This Act establishes a strict, uniform standard requiring direct, actual, and immediate significant control over essential job terms for a business to be considered a joint employer under federal labor laws.
James Comer
Representative
KY-1
The Save Local Business Act establishes a strict, uniform standard for defining "joint employment" under federal labor law. This legislation ensures a company is only considered a joint employer if it directly and immediately exercises significant control over essential terms of another company's employees' work. This clarification applies to both the National Labor Relations Act and the Fair Labor Standards Act.
The “Save Local Business Act” is short, but it packs a serious punch, fundamentally changing how the federal government defines a “joint employer.” This is policy-speak for who is legally responsible for a worker when that worker is technically employed by one company (like a local franchise or a staffing agency) but takes direction from a much larger one (like the franchisor or the client company).
Right now, legal standards for joint employment can be complex, sometimes allowing a larger company to be held liable if they merely reserve the right to control a worker’s core terms, even if they never exercise it. This bill scraps that approach. The new, uniform standard states that a company is only a joint employer if it directly, actually, and immediately exercises significant control over the employee’s essential job terms. These essential terms are clearly defined: hiring, firing, rate of pay, benefits, day-to-day supervision, scheduling, and discipline (Sec. 2).

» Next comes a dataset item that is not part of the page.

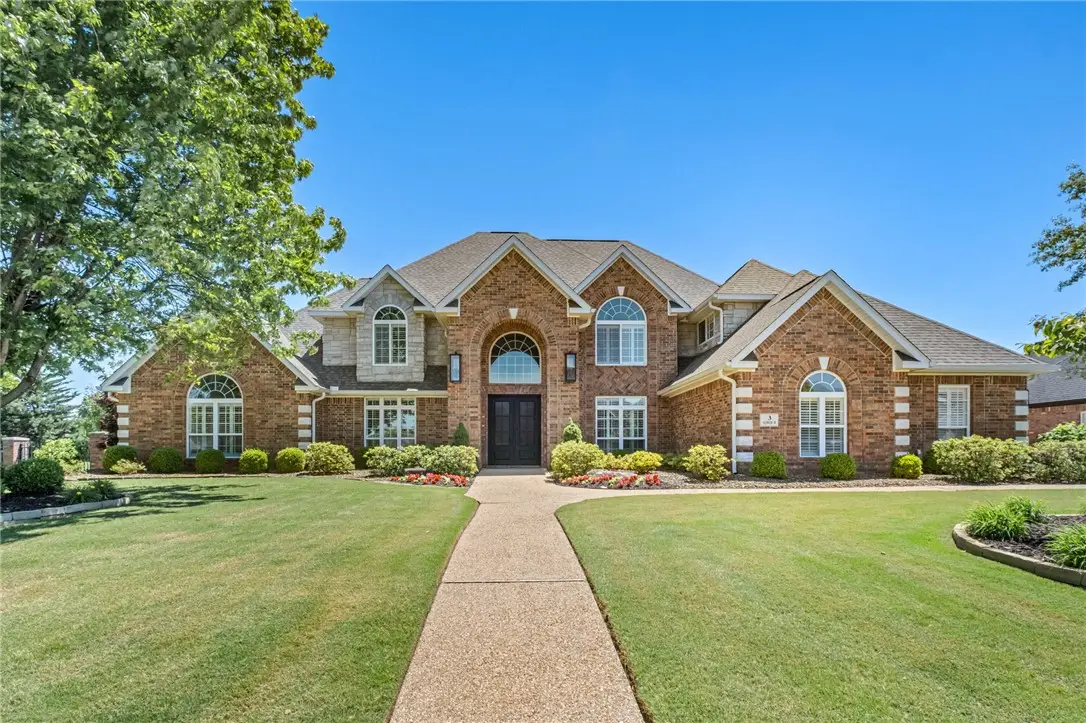 3 S Sherwood Drive, Rogers, AR 72758 - #1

Think of it this way: If you work at a fast-food franchise, your corporate headquarters might have rules about the uniform and the menu, but under this bill, they only become your joint employer if they are the ones actually signing your paycheck, telling you when to show up tomorrow, and handling your performance review. Any control that is indirect, potential, or reserved in a contract is irrelevant. This strict definition applies to both the National Labor Relations Act (NLRA), which covers unionizing and unfair labor practices, and the Fair Labor Standards Act (FLSA), which covers minimum wage and overtime.

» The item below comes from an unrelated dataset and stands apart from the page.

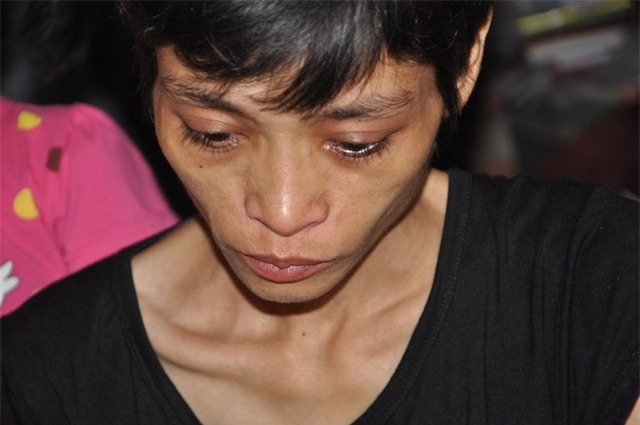 Chị Dung không thể lo được cho các con nên phải gửi các con lên chùa.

The biggest beneficiaries of this change are companies that rely heavily on the franchise model, contracting, or staffing agencies. For them, this bill provides massive regulatory clarity and shields them from liability. If a local franchisee commits wage theft, or if a staffing agency client violates overtime rules, the larger parent company or client is far less likely to be dragged into court or held responsible, provided they structured their relationship to avoid that “direct, actual, and immediate” control threshold.
For the busy person, this hits home if you work for a contractor, a franchise, or in a supply chain. Say you’re a truck driver technically employed by a small logistics company, but 90% of your work is dictated by a massive retailer who tells you exactly when and where to deliver. If the retailer’s demands lead to illegal hours, this bill makes it significantly harder to sue the deep-pocketed retailer alongside your direct employer for FLSA violations. The core issue is that while the large company often sets the real-world conditions of employment, this bill ensures they can’t be held accountable for them—a major shift in liability and worker protection.